We don’t have a word for the opposite of loneliness, but if we did, I could say that’s what I want in life.

There are two profound tragedies of the human condition: Loneliness is one. Impermanence is the other. Loneliness is a tragedy of space. Impermanence is a tragedy of time. Humans are felled by their bodies — prisons that confine us to only where and when we exist. Today, we’ll focus exclusively on trying to subvert loneliness. We’ll explore loneliness in an attempt to find its “opposite.”

To find the word for the opposite of loneliness, we first need to define the word itself. Loneliness is commonly articulated as the sensational byproduct of being physically, mentally or emotionally alone. For example, if you had moved to a new city, or started a new job, and maybe the others would initially look at you like you’d grown a second head, as a curious interloper from another planet thrust into a foreign culture. That’s almost loneliness, but still not quite right. Real loneliness runs deeper than that. It’s feeling alone even when you aren’t actually alone.

Have you ever had the overwhelming sense of being alone, despite a venerable cornucopia of people you could call to knock back a cocktail or 12? Do you, perhaps, go out, and then stumble home at 3 a.m. and choke half to death on your own self-loathing? Each early morning ending exactly as the day began, no closer to those you’d gallivanted around with, and your cat silently judging you, while your friends text you and say “Man, that shit was epic?” Yet you still feel apart? Grand loneliness can arrive cloaked in a long con of community. Succinctly: Loneliness isn’t feeling like you don’t really know anybody. It’s feeling like nobody could ever really know you. How does this manifest itself?

When you’re with people, you speak and receive faint nods of approval, off-hand laughter, and pithy responses to zingers or outside-the-box thoughts. You might share a common ground, a common goal or a common interest. You disperse to bond another day. And yet you’re still left wondering why it isn’t clicking. You may describe your relationship with the world as a car in second gear, a fire-hose bulging and bursting from the inside-out, yet a mere mist when sprayed at its target. Loneliness is an unfulfilled desire for connection with others, a loathing and resignation that’s directed inward … the electrical voltage that sparks connection reversed and turned upon itself, paralyzing you the way a Taser would. You’ve watched your authentic self wall itself off from others; the communication with the outside world is tense and terse.
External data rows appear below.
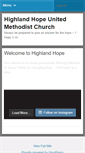 Mobile Screenshot of highlandhope.org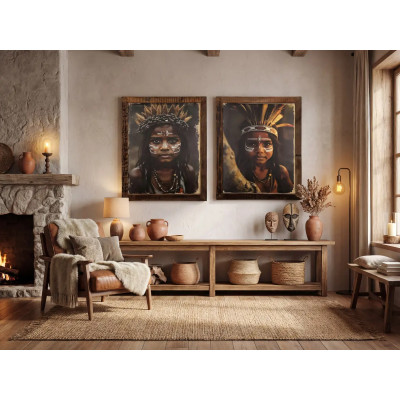 Canvas Wandbild 70x90 "Spirit of Earth"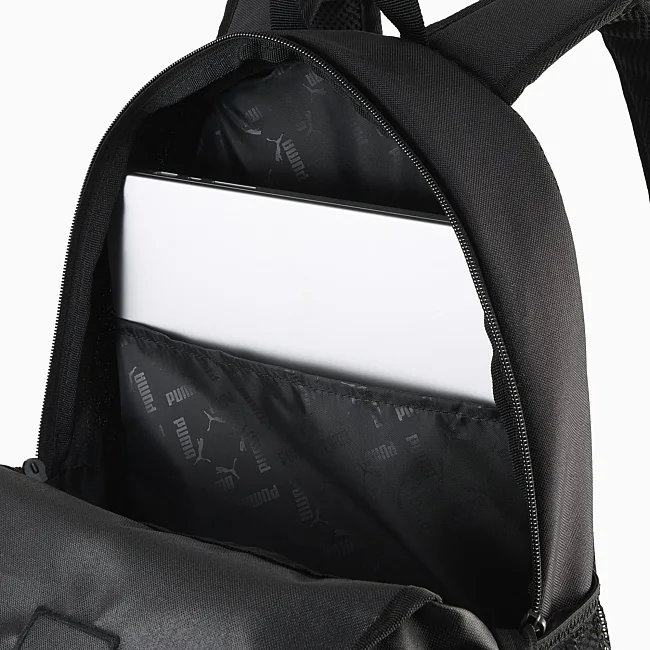 Рюкзак детский Puma PHASE PATCH Backpack 20L черный 44х38х14 см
Guarded sharing is risk mitigation applied to social settings. It’s a series of quick-win verbal habits that are designed to be snackable content IRL. Everyone loves a biting wit, a compliment or good news. Bring enough of it to enough people and you’ll make them feel warm and fuzzy all over. These are oral slap-singles, and they’re nearly a bulletproof way to be likable. Maybe you’ve done this. I’ve done this often. In fact … it is my default setting. Make people smile and laugh and then vanish into the ether.